Suspense and curiosity are used as the key aspects to establish the plot points in Appu Bhattathiri's directorial debut Nizhal. It’s the kind of reverse engineering in plotting, to fit in a criminal and few murders.
Ever since the posters and trailers of Nizhal was revealed, a curiosity was built around the mask worn by Kunchacko Boban's character in the film. And the makers waste no time to state the reason for the same.
The very first shot opens with an owl, a symbol of paranormal wisdom, regal silence, and fierce intelligence, seemingly a reference to the major character. In the background, we witness an accident and soon the camera zooms in to a hospital room. John Baby (Kunchacko Boban) is the one injured here and is asked to wear a mask as part of the treatment for his injured nose.
The post traumatic stress disorder in the wake of the accident makes things difficult for him. In the meantime, his friend Shalini (Divya Prabha) who is a clinical psychologist talks to him about a strange story involving a little boy (Izin Hash). As a judicial magistrate of a civil court, John Baby gets curious regarding the boy and wishes to meet him. His protective mother Sharmila played by Nayanthara though initially hesitant, later develops a friendship with John Baby.

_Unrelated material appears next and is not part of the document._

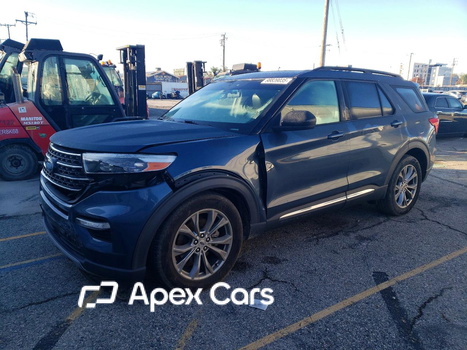 Ford Explorer 2020 - Zdjęcie 1 z 14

The basic thread begins with him investigating the boy's story as a case. He investigates and finds himself in eerie circumstances.
The filmmakers make sure to give a sense of shock at each intervals, because the point of the film is to create a suspense and the mystery that uncovers it. Director and editor Appu Bhattathiri's sharp and crisp cuts takes forward the narrative smoothly. S Sanjeev's screenplay sets the tense tone perfectly, managing to build a genuine and chilling thread.
There is an enveloping sense of underlying gloom that each characters exude. After a decent first half , the second half moves with a bumpy ride. By the climax, the convincing element for a thriller struggles to emerge. Although the tail end provided a breakthrough, Nizhal gets derailed by the cheesy backstory of the antagonist.
However, the actors, technical aspects and even the song sequences are so in tune with the general tone of the film that it’s impossible not to be gripped by their world.
Kunchacko Boban as the enigmatic judicial magistrate looks effortless. Though Kunchako Boban dominates the film, the flawless supporting cast gives it its finesse. Especially interesting is the chemistry between him and Nithin played by Izin Hash. The innocence and the mystery is well developed between them. The conversations between Kunchacko and Rony David give a light-hearted mood to the overall dark setting.
Appu Bhattathiri as an editor seemed to be clear with his vision as director -- knowing precisely how many seconds to retain a scene and how many to scissor out. With a cinematic approach, he manages to cover up the loose ends in writing.
The culmination of the mystery simmering underneath a stoic surface makes Nizhal a decent watch.